The selection of technologies and fuels used in the conventional power station will be influenced by the development of wind energy only to a very limited extent. In contrast, the development of conventional power stations as a whole will be affected significantly by fuel prices trends and the CO2 certificate price. This latter is greatly dependent upon the form that emissions trading takes.
The development of wind energy is associated with additional costs. These arise mainly from the construction of wind parks and their connection to the grid and from the reduced utilization of the conventional power station together with the higher reserve power required. On the other hand, the conventional power stations will also register savings from the reduction in fuel costs.
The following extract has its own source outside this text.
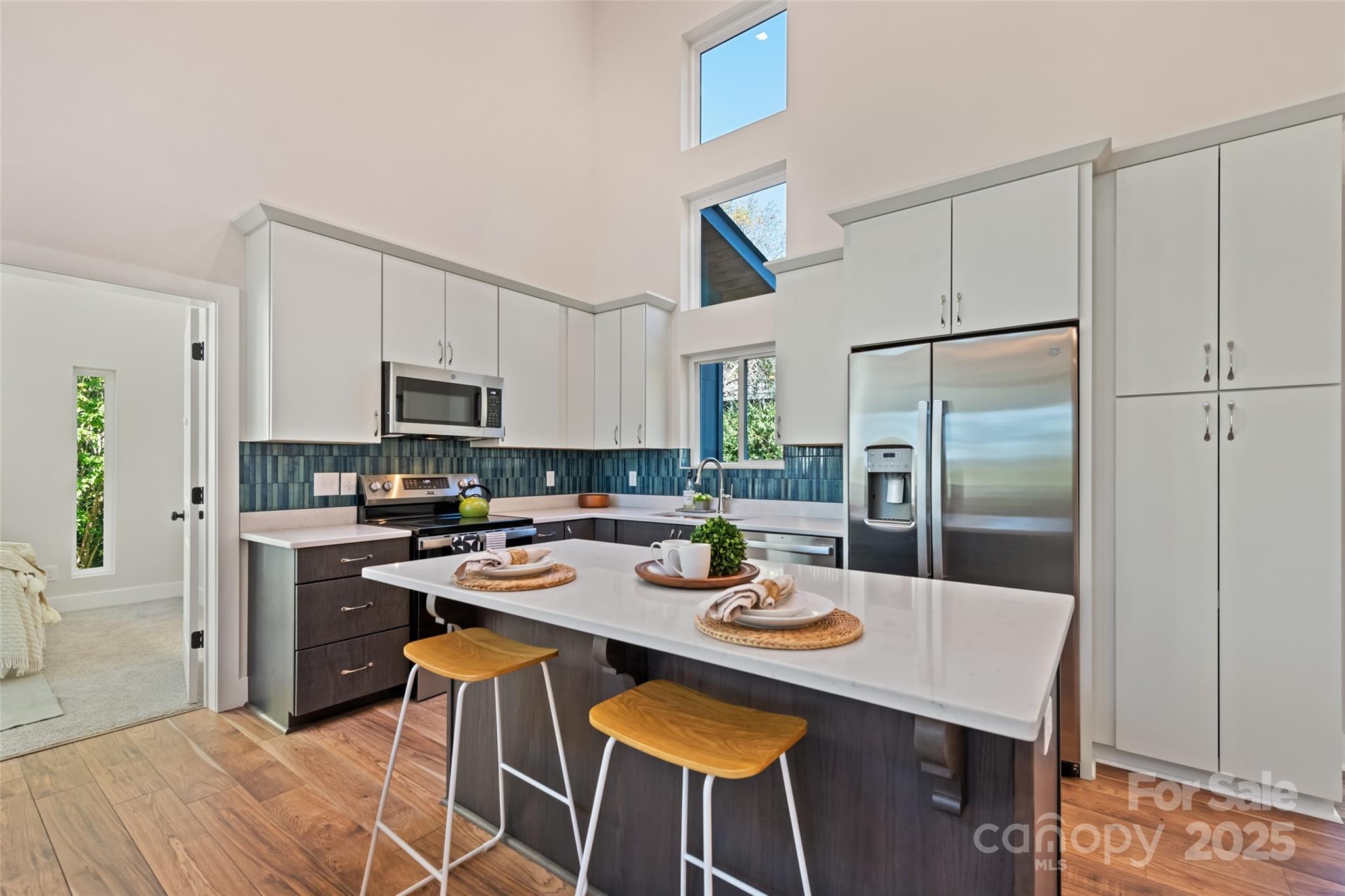 1807 Fisher Crk Road Sylva, NC 28779 - Photo 6 of 37 a kitchen with a dining table and chairs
The sum of additional costs and savings estimated in the various scenarios will result in net additional costs from the development of wind energy of between € 1.5 billion and € 2.3 billion p.a. by 2015. On average, the development of wind energy in the period 2003 to 2015will result in an increase in electricity costs of approx. 0.5 ct/kWh for the private household.
The dena grid study was financed by associations and private companies from the wind energy and electricity grid sectors, plant manufacturers and the conventional power station sector together with the Federal Ministry of Economics and Labour. It was coordinated by dena. The framework of the grid study was agreed by a project steering committee. After perusal of the final report, the financing bodies have decided to commission a further report examining the development of renewable energies for the generation of electricity up to the year 2025, with in-depth studies of selected topics.